(Brief descriptive captions)
_ _ _
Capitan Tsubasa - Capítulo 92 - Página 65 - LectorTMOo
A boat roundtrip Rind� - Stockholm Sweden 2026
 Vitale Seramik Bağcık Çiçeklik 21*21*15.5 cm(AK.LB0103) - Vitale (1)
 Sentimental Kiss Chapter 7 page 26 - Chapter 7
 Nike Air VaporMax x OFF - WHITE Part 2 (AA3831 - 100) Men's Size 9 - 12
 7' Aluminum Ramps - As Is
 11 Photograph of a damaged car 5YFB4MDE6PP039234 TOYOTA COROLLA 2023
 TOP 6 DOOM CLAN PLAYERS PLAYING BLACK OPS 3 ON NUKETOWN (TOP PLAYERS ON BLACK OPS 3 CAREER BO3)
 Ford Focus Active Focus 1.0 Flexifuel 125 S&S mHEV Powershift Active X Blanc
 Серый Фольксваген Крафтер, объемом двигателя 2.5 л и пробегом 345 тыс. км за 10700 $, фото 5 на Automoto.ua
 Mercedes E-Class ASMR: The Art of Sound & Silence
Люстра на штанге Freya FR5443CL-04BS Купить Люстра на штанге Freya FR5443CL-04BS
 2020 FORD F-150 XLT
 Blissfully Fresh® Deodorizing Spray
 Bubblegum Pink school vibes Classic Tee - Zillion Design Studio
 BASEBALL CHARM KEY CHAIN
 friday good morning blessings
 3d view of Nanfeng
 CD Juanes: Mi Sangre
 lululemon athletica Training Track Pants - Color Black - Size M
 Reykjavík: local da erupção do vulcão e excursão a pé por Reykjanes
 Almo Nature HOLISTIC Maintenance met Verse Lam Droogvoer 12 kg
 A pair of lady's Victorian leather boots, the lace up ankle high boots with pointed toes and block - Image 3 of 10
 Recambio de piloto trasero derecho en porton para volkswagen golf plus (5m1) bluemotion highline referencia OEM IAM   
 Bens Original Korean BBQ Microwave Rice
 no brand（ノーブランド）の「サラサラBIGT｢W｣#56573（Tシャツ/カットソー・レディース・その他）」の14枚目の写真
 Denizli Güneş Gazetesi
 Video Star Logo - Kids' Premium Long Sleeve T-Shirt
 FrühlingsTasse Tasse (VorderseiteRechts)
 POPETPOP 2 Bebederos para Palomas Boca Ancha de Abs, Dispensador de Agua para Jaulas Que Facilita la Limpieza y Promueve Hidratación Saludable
_ _ _
INSTRUCTIONS TO FOLLOW:
Retype the first line of the entries and every line after it, please, through the line that contains "Mercedes E-Class ASMR: The". Add nothing.

RESPONSE TO THE TASK:
Capitan Tsubasa - Capítulo 92 - Página 65 - LectorTMOo
A boat roundtrip Rind� - Stockholm Sweden 2026
 Vitale Seramik Bağcık Çiçeklik 21*21*15.5 cm(AK.LB0103) - Vitale (1)
 Sentimental Kiss Chapter 7 page 26 - Chapter 7
 Nike Air VaporMax x OFF - WHITE Part 2 (AA3831 - 100) Men's Size 9 - 12
 7' Aluminum Ramps - As Is
 11 Photograph of a damaged car 5YFB4MDE6PP039234 TOYOTA COROLLA 2023
 TOP 6 DOOM CLAN PLAYERS PLAYING BLACK OPS 3 ON NUKETOWN (TOP PLAYERS ON BLACK OPS 3 CAREER BO3)
 Ford Focus Active Focus 1.0 Flexifuel 125 S&S mHEV Powershift Active X Blanc
 Серый Фольксваген Крафтер, объемом двигателя 2.5 л и пробегом 345 тыс. км за 10700 $, фото 5 на Automoto.ua
 Mercedes E-Class ASMR: The Art of Sound & Silence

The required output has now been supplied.